Supplied records ▸
====
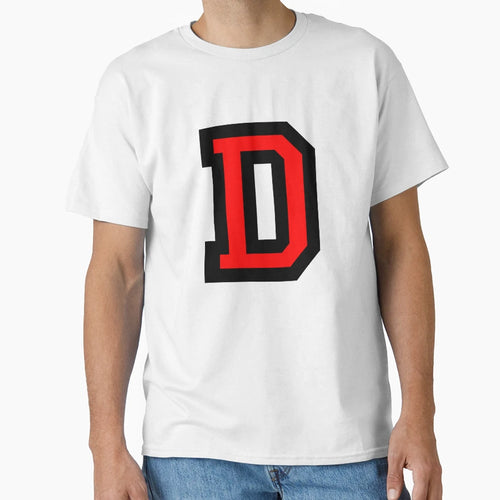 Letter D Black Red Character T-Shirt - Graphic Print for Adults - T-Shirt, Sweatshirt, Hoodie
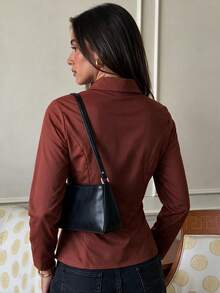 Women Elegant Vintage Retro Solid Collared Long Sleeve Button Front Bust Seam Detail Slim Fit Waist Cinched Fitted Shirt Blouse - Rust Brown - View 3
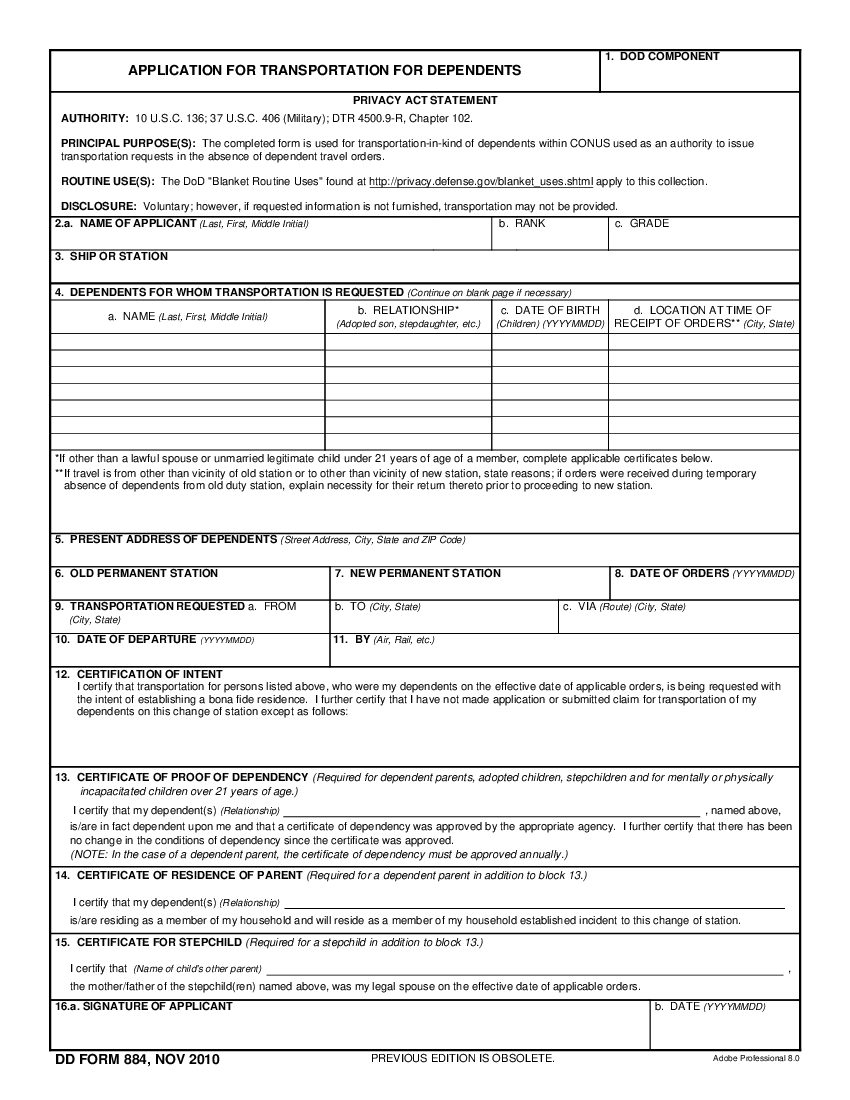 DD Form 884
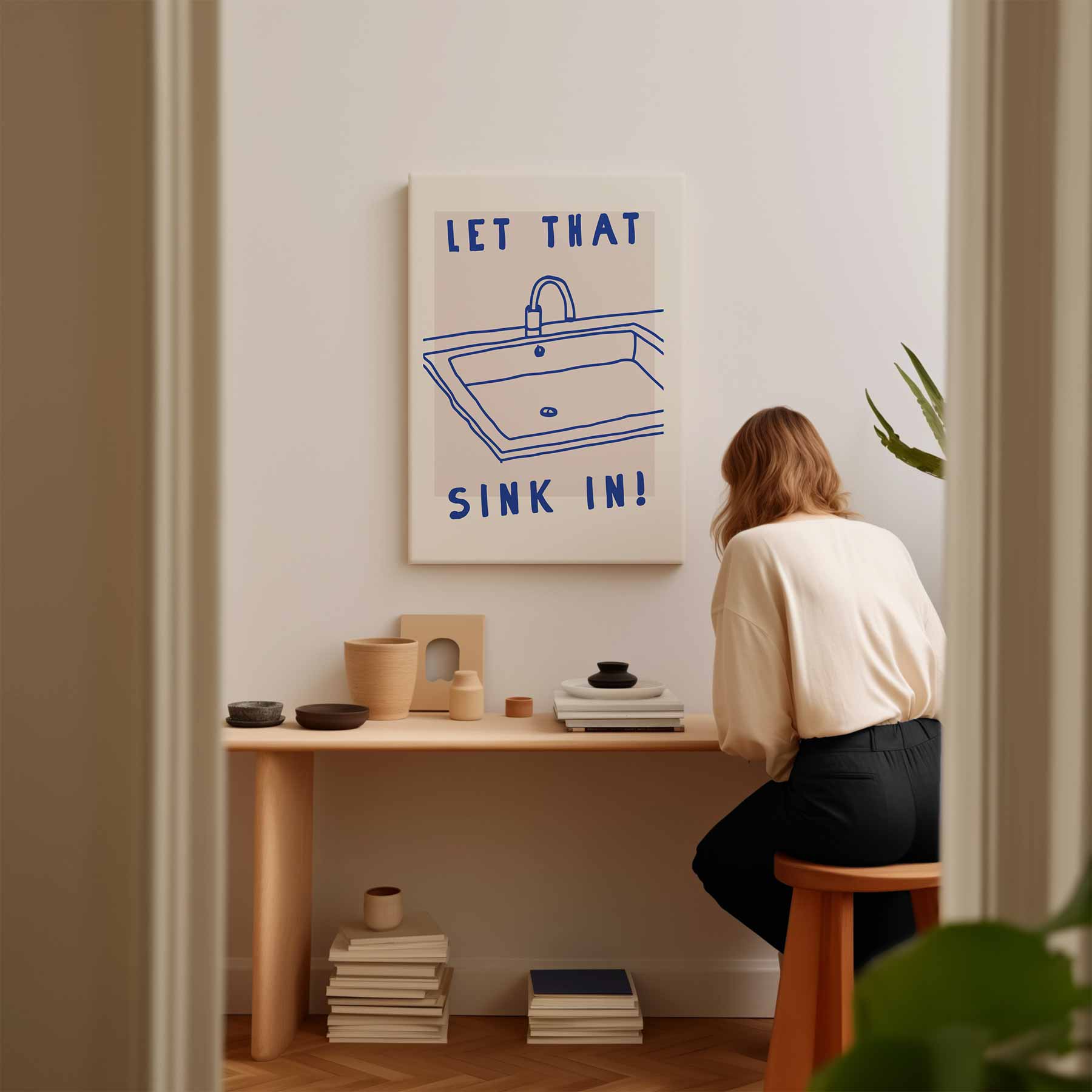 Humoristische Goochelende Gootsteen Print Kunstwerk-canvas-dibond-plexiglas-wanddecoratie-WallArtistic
====
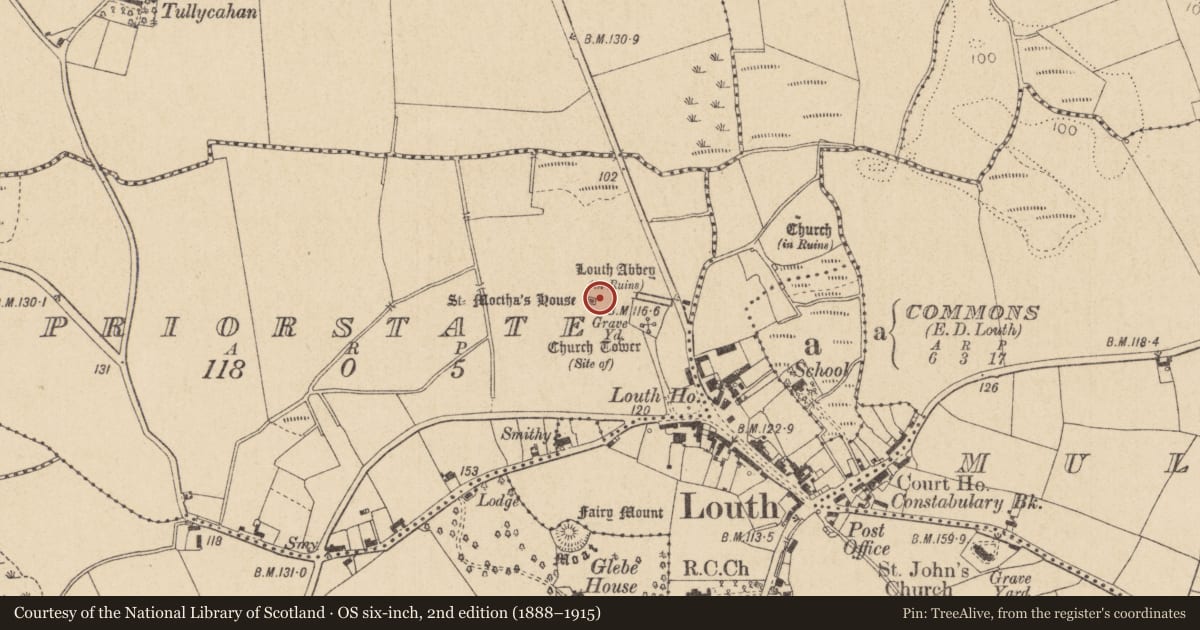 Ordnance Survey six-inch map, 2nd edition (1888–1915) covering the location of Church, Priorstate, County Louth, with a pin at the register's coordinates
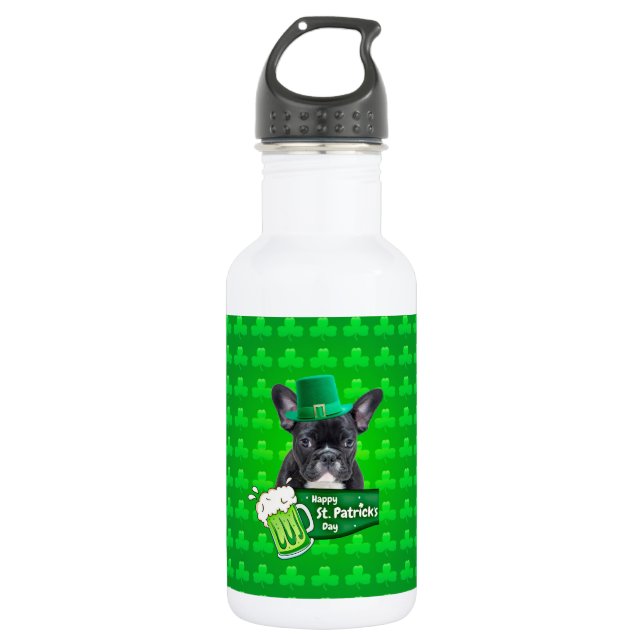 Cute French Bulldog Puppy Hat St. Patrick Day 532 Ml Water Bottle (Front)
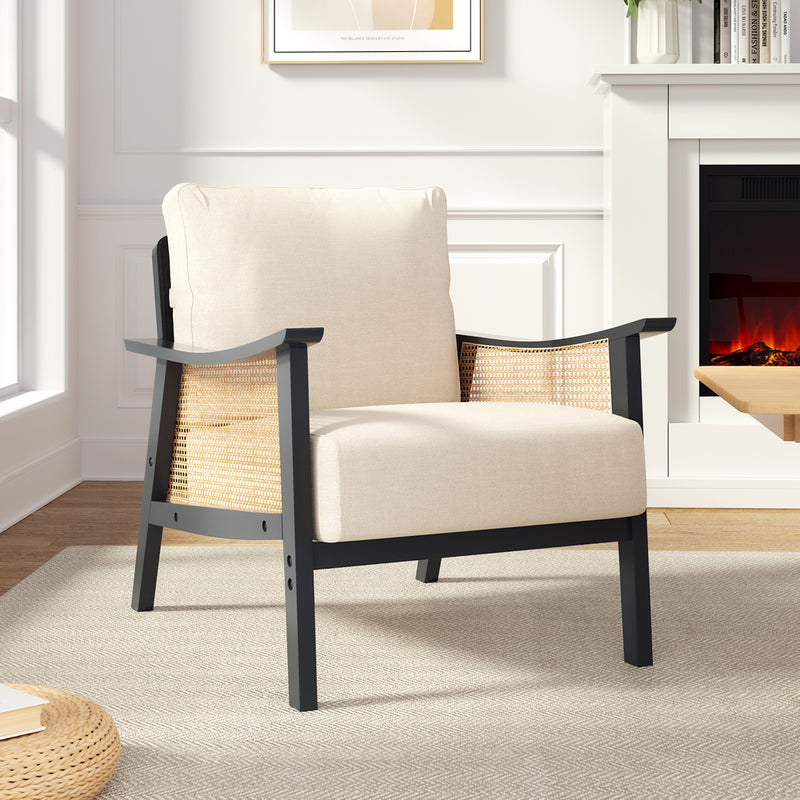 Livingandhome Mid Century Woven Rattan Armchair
====
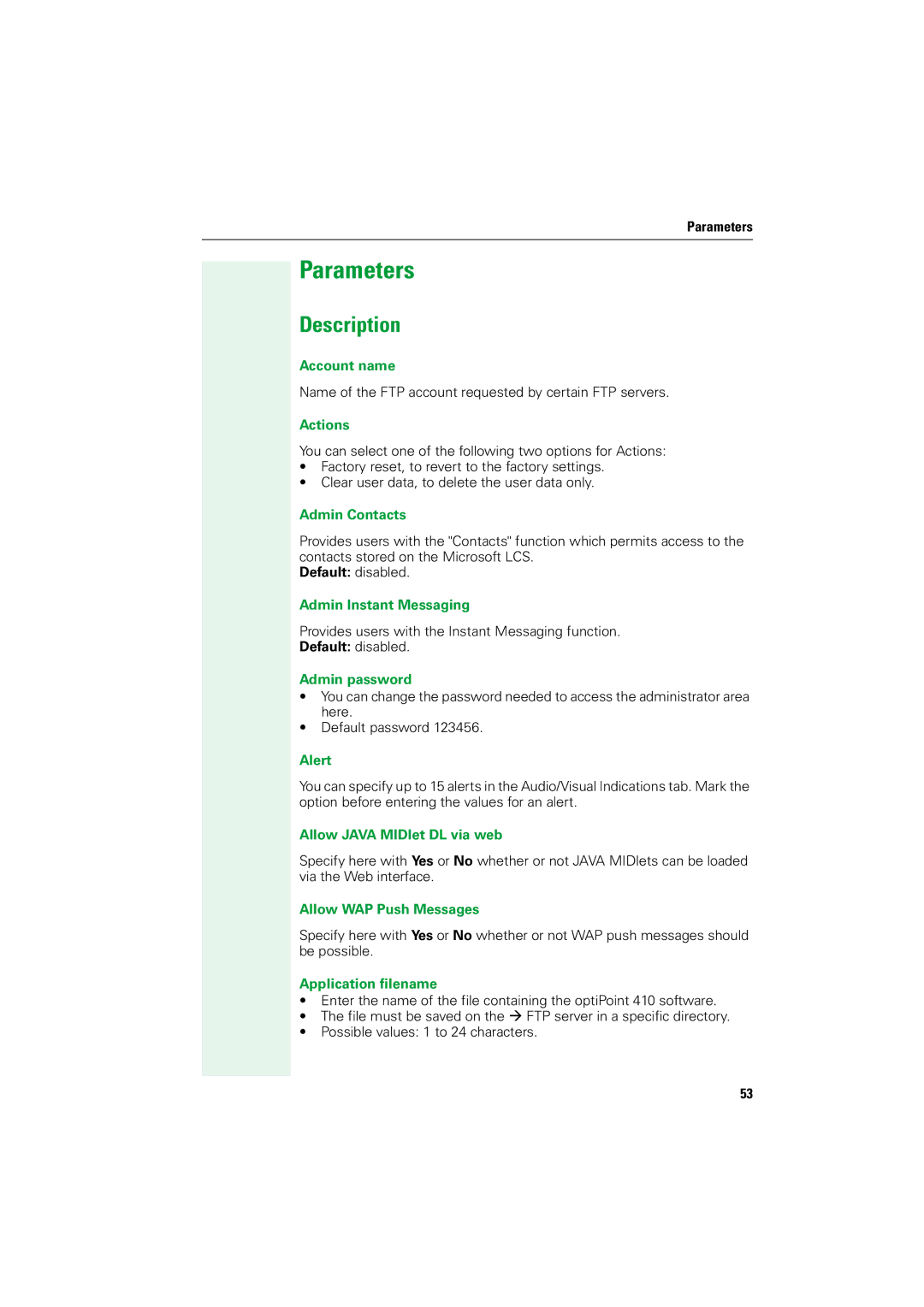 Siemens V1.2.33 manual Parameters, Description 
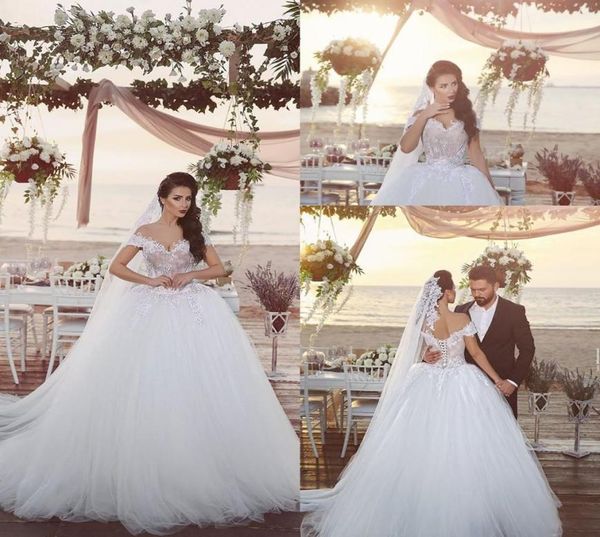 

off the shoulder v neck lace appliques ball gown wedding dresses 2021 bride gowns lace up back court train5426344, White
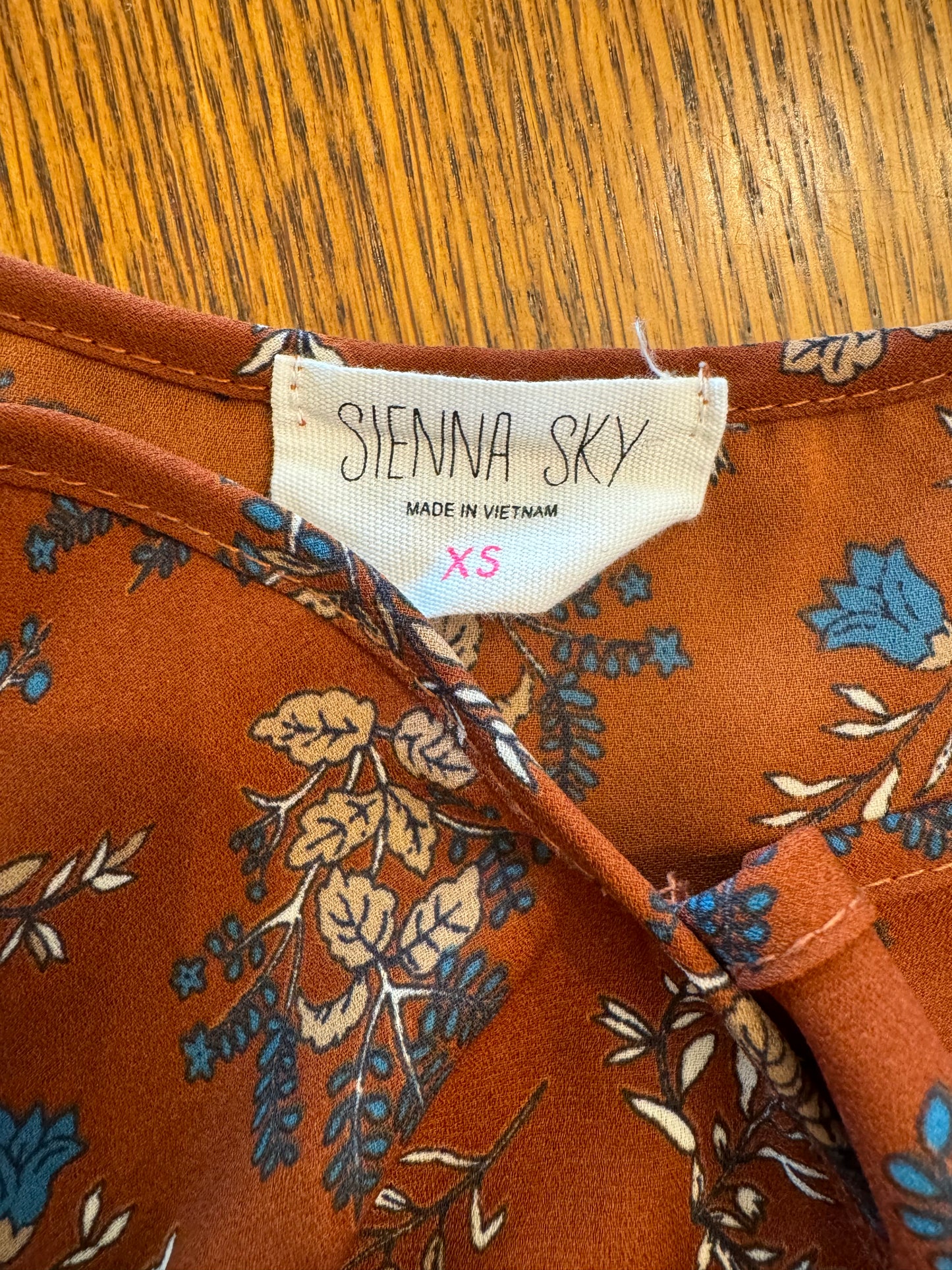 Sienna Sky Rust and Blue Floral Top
====
What needs to be done ▸
Print the line above containing "Letter D Black", the line containing "Humoristische Goochelende Gootsteen", and everything between them, exactly as written. Pictures stay out.

Response to this exercise ▸
 Letter D Black Red Character T-Shirt - Graphic Print for Adults - T-Shirt, Sweatshirt, Hoodie
 Women Elegant Vintage Retro Solid Collared Long Sleeve Button Front Bust Seam Detail Slim Fit Waist Cinched Fitted Shirt Blouse - Rust Brown - View 3
 DD Form 884
 Humoristische Goochelende Gootsteen Print Kunstwerk-canvas-dibond-plexiglas-wanddecoratie-WallArtistic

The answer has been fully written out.